As average screen time increased in the last year due to virtual learning and social isolation, authorities across the country say instances of children being sexually exploited online reached an unprecedented frequency.
Stephen Sauer, director of Cybertip.ca, which is operated by the Canadian Centre for Child Protection (C3P), said the site is getting approximately 300 reports of youth sexual exploitation on the internet a month, up 88 per cent since last spring.
Alberta law enforcement said its Internet Child Exploitation Unit undertook a record number of investigations in 2020, over 2,100, an increase of more than 50 per cent from the previous year.

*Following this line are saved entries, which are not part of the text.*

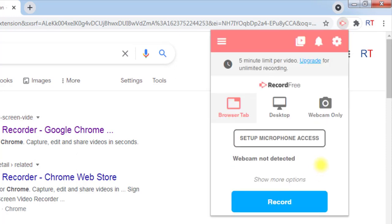If you are doing it for the first time, it will ask you to sign in. Because we are using the free version, it will let us record only five minutes of video, but you can upgrade for unlimited recording.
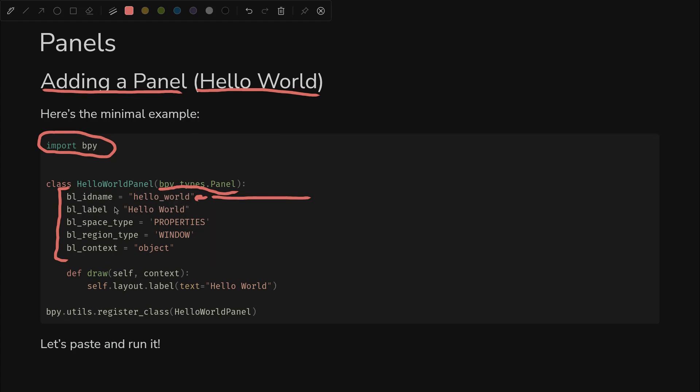We give it a label, which is like the title of this little panel, and then we have space, region, and context, which define where in the Blender UI it gets mounted so that you can see it. We'll talk in more detail about that soon.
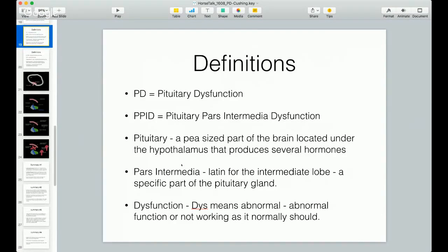First thing in this is I need to go over some of the definitions. This is why I wanted you to print this out and follow along because I'll be using some of these initials to represent things. The first one is PD, which means pituitary dysfunction.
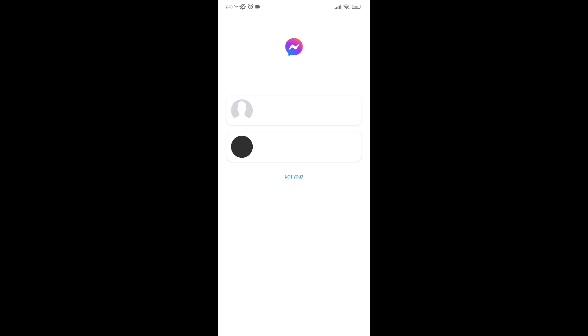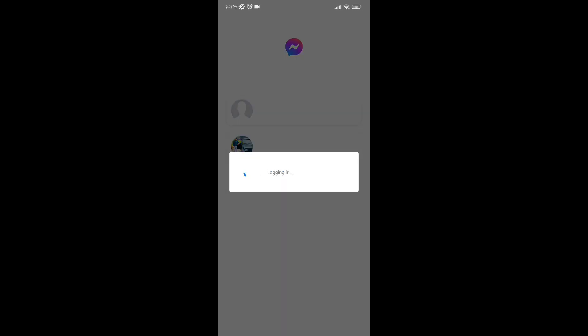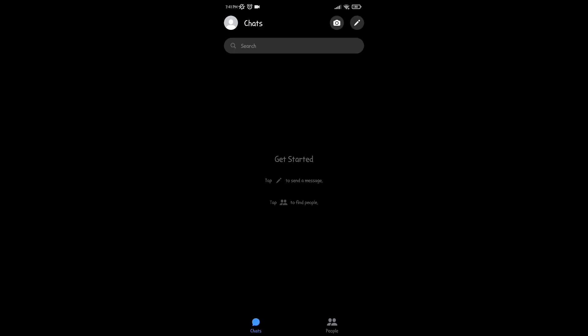Open your Messenger, and then select your account or login to your Facebook account. Then it will load and your account will open. Now you can use Messenger.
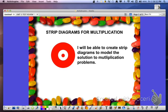In today's lesson, we'll be learning how to use strip diagrams for multiplication. Here's our learning target: I will be able to create strip diagrams to model the solution to multiplication problems.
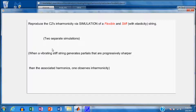Hello. We're going to try to get some insight into inharmonicity by means of simulation. We're going to simulate a flexible string with a zero Young's modulus, and a stiff string that has a non-zero Young's modulus and is therefore elastic. When a vibrating string generates partials that are progressively sharper than the associated harmonics, then we are observing inharmonicity. That's the definition of inharmonicity.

And although the Toronto police Child Exploitation Section declined to provide specific numbers, acting Det. Sgt. Susan Burke said the increase in files received in the last year is “very large.”
As children are engaging with more online platforms now that in-person connection is infrequent or impossible, they’re ending up at sites with weak moderation standards regarding conversations between children and adults, and this creates opportunity for predators, Sauer said.
“We’ve seen conversations from offenders on the dark web talking about how the pandemic is letting them intersect with more youth,” he added.
He cited the website Omegle, which allows users to be paired with a random, anonymous video chat partner. One type of internet predator — called a “capper” — will stalk sites like it for children, then coerce them into performing sexual acts on camera, sharing the footage with the “offender community,” Sauer said.
Omegle is among the 1,000 most visited sites on the internet. At any given time, the chat site has around 50,000 active users.
Omegle does not provide means for direct contact with site administrators. Gandi SAS, the company under which the site’s domain is registered, provided the Star with contact information for the site’s owner, who did not return a request for comment.
This community isn’t just on the dark web.
A content moderator who removes rule-violating videos from a large porn site told the Star he’s had to delete “plenty” of illegally recorded “capper” videos and, despite recent efforts to purge non-professionally shot content, these videos remain on the site under verified accounts.
The moderator, who said a nondisclosure agreement prevents him from speaking on the record, estimated that capper videos made up 10 to 15 per cent of content flagged for removal by the porn site. “That’s thousands of videos per week,” he said.
“There needs to be more regulation in terms of the type of apps and tools and software that are available to children,” Sauer said. Anonymous chat sides can be “wide open, there’s no age restriction, no age verification, youth and adults are able to communicate. There needs to be more done to ensure children are safe in these spaces.”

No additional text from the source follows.